Task prompt: Exclude all pictures. Then restate, word for word, the entries from the first line through the line that contains "de Roszke, Hungria".

Data records:
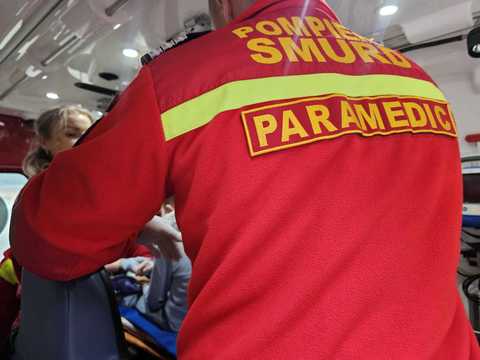 Lecţii gratuite de prim ajutor oferite de voluntari SMURD în centrul Capitalei, luni după-amiază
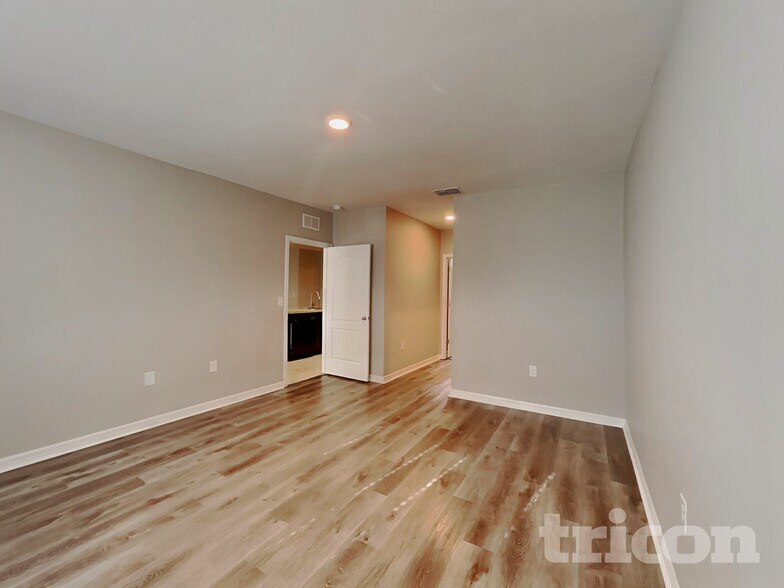 Building Photo - 530 Squires Grove Dr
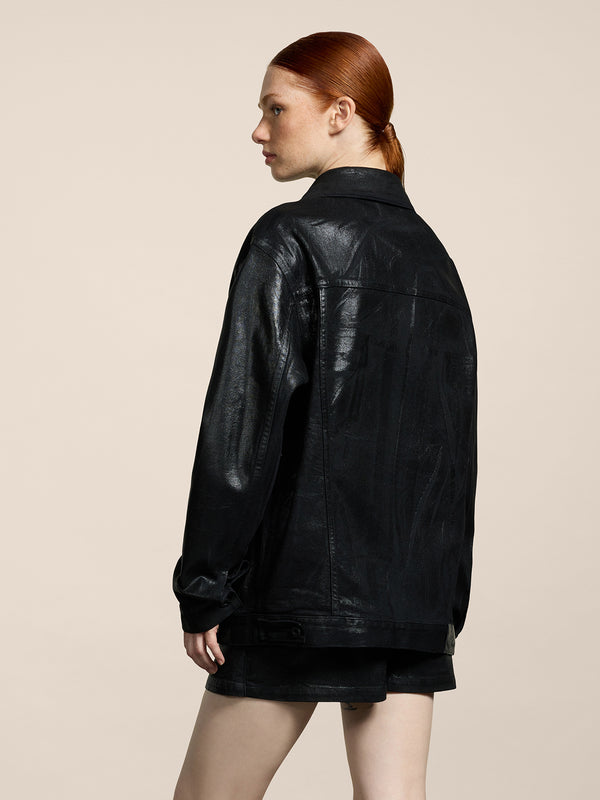 GIUBBINO UNISEX OVER FIT IN DENIM CON SPALMATURA METTALICA COLORE NERO - NERO - Abbigliamento Donna | Pence 1979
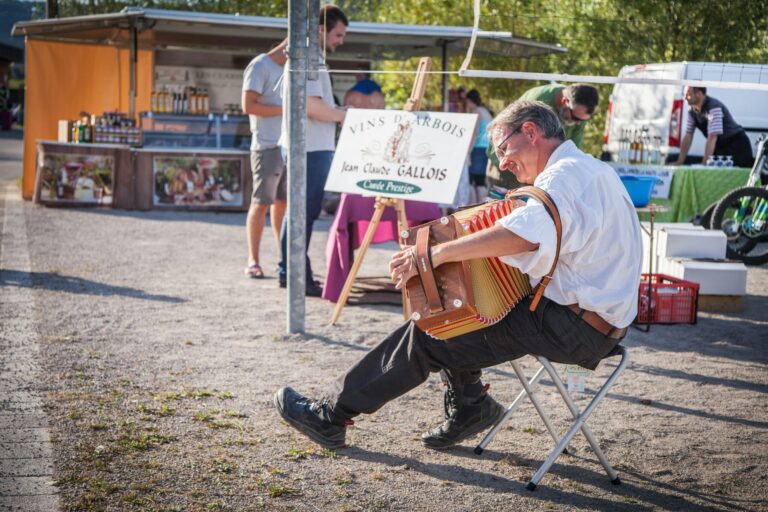 Camping Écologique La Roche D'ully - Bild 20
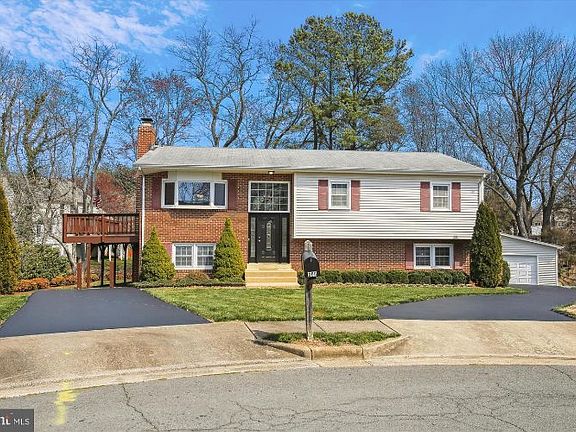 3rd image of 306 Jade Ct NW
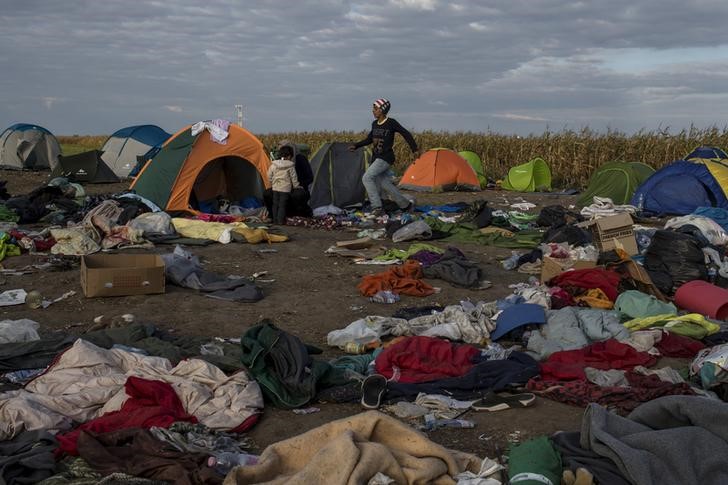 © Reuters. Família imigrante em vila de Roszke, Hungria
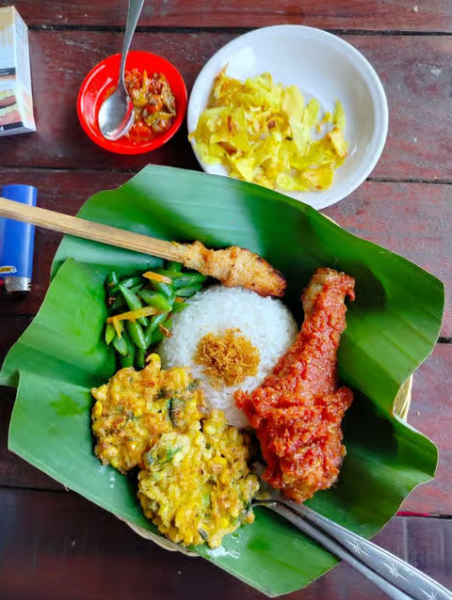 Bali: Munduk Waterfalls Trek Twin Lakes and Temple Tour | ®ExcursionMania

Expected output:
 Lecţii gratuite de prim ajutor oferite de voluntari SMURD în centrul Capitalei, luni după-amiază
 Building Photo - 530 Squires Grove Dr
 GIUBBINO UNISEX OVER FIT IN DENIM CON SPALMATURA METTALICA COLORE NERO - NERO - Abbigliamento Donna | Pence 1979
 Camping Écologique La Roche D'ully - Bild 20
 3rd image of 306 Jade Ct NW
 © Reuters. Família imigrante em vila de Roszke, Hungria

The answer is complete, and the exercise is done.